Provided entries
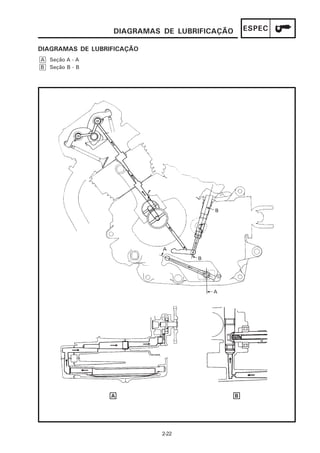 DIAGRAMAS DE LUBRIFICAÇÃO       ESPEC

DIAGRAMAS DE LUBRIFICAÇÃO
A Seção A - A
B Seção B - B




                  A                           B




                            2-22
 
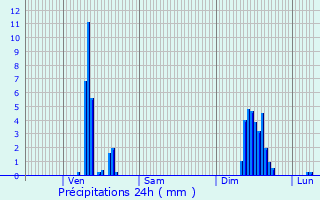 Graphique des précipitations prvues pour Marvejols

The problem
Restate the listing above word for word and skip each picture.

Response to this exercise
 DIAGRAMAS DE LUBRIFICAÇÃO       ESPEC

DIAGRAMAS DE LUBRIFICAÇÃO
A Seção A - A
B Seção B - B




                  A                           B




                            2-22
 
 Graphique des précipitations prvues pour Marvejols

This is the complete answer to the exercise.